--- DATASET SECTION ---
........

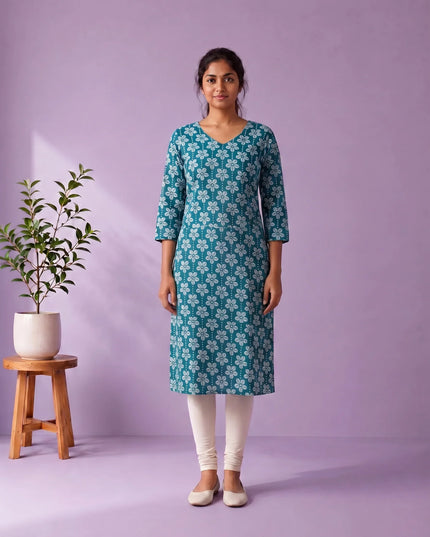 Peacock Blue & White Floral Printed Mul Cotton Top with Full-Length Cotton Lining | Women's Casual Wear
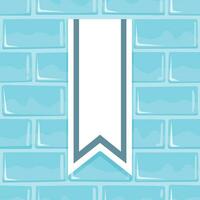 Cartoon Ice Wall of Blue Color with Hanging Pennant Square Seamless Pattern vector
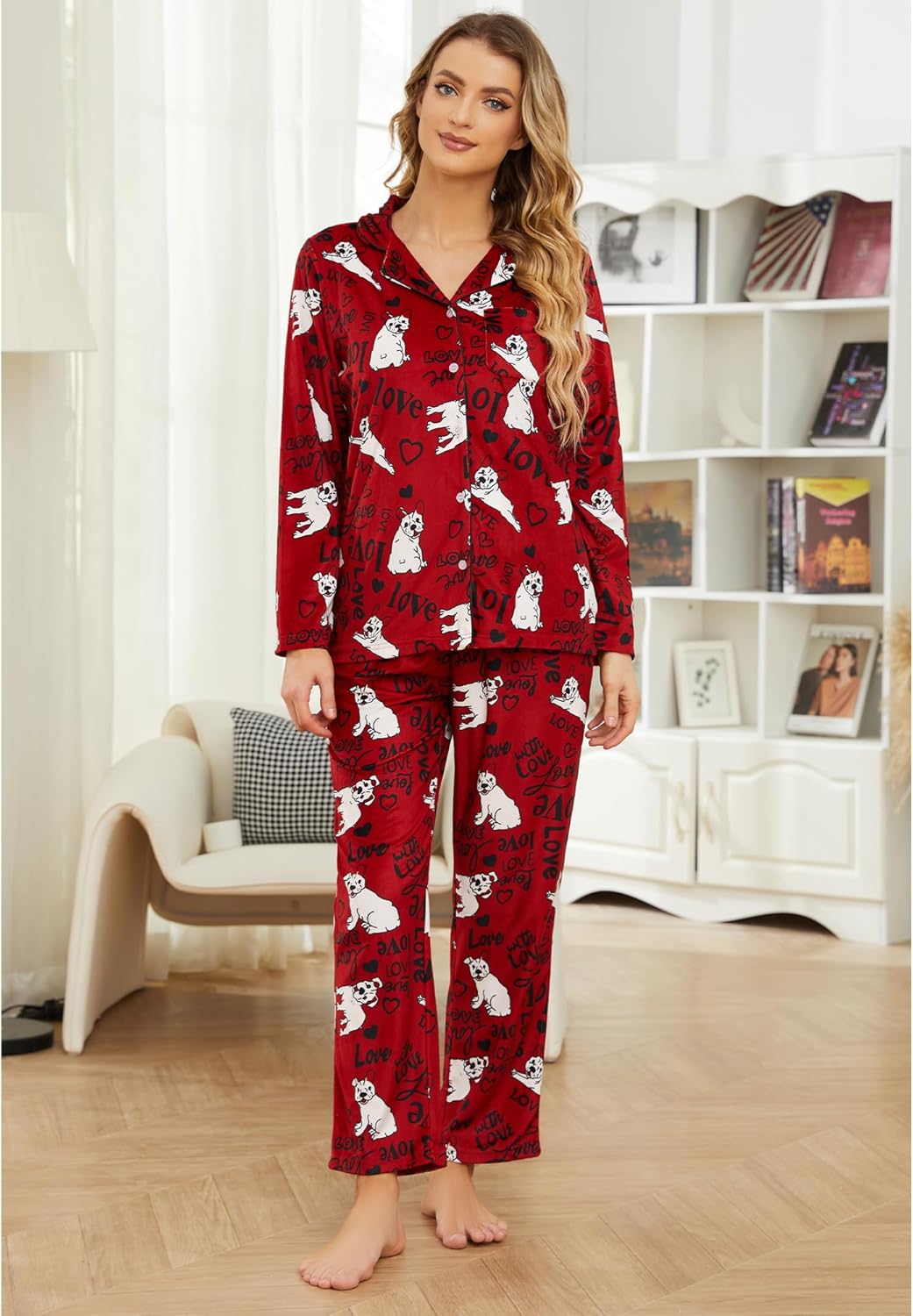 HEARTNICE Womens Pajama Sets, Soft Fleece PJS for Women Comfy Warm Sleepwear - Image 4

........

Please give every line above again word for word, apart from the pictures.

 Peacock Blue & White Floral Printed Mul Cotton Top with Full-Length Cotton Lining | Women's Casual Wear
 Cartoon Ice Wall of Blue Color with Hanging Pennant Square Seamless Pattern vector
 HEARTNICE Womens Pajama Sets, Soft Fleece PJS for Women Comfy Warm Sleepwear - Image 4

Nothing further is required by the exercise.